Study material:
========================================
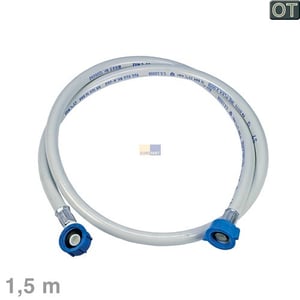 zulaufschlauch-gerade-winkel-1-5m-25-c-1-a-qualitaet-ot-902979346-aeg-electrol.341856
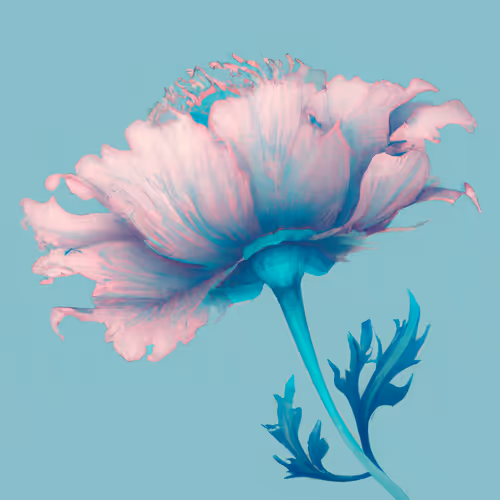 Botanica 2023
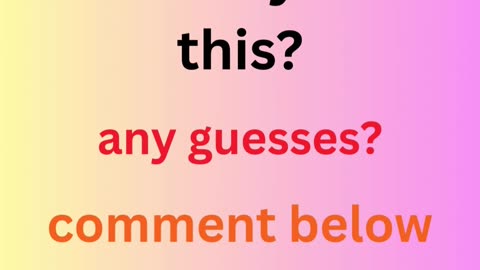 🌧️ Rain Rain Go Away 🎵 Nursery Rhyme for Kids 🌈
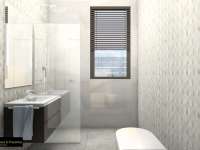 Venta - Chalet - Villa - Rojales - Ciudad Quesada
========================================
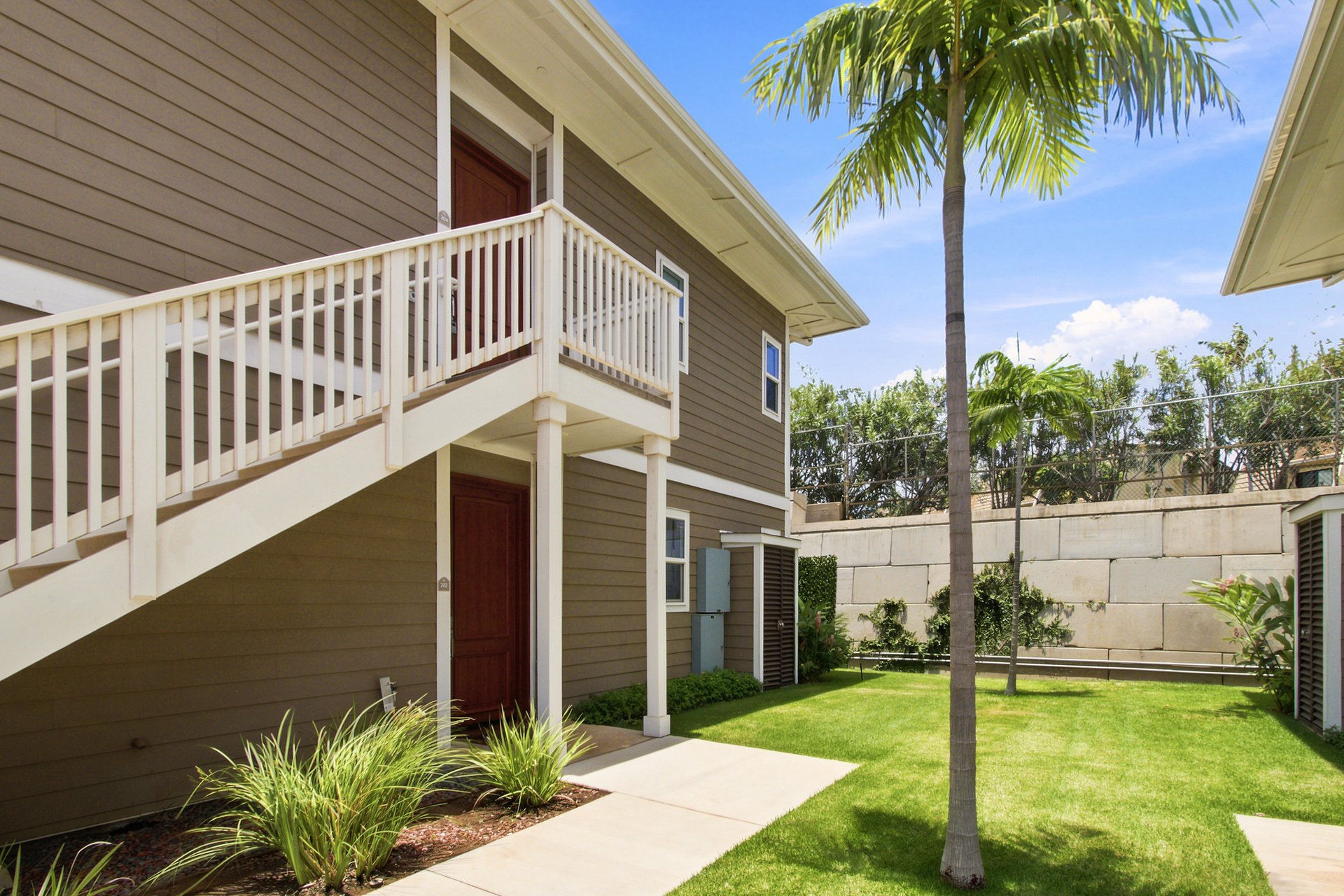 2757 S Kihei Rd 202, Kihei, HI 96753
========================================
Task instructions: Go to the line above that has "Rhyme for Kids 🌈" and copy exactly from there down to the line that has "Venta - Chalet", both included. Leave the pictures out.

Output:
 🌧️ Rain Rain Go Away 🎵 Nursery Rhyme for Kids 🌈
 Venta - Chalet - Villa - Rojales - Ciudad Quesada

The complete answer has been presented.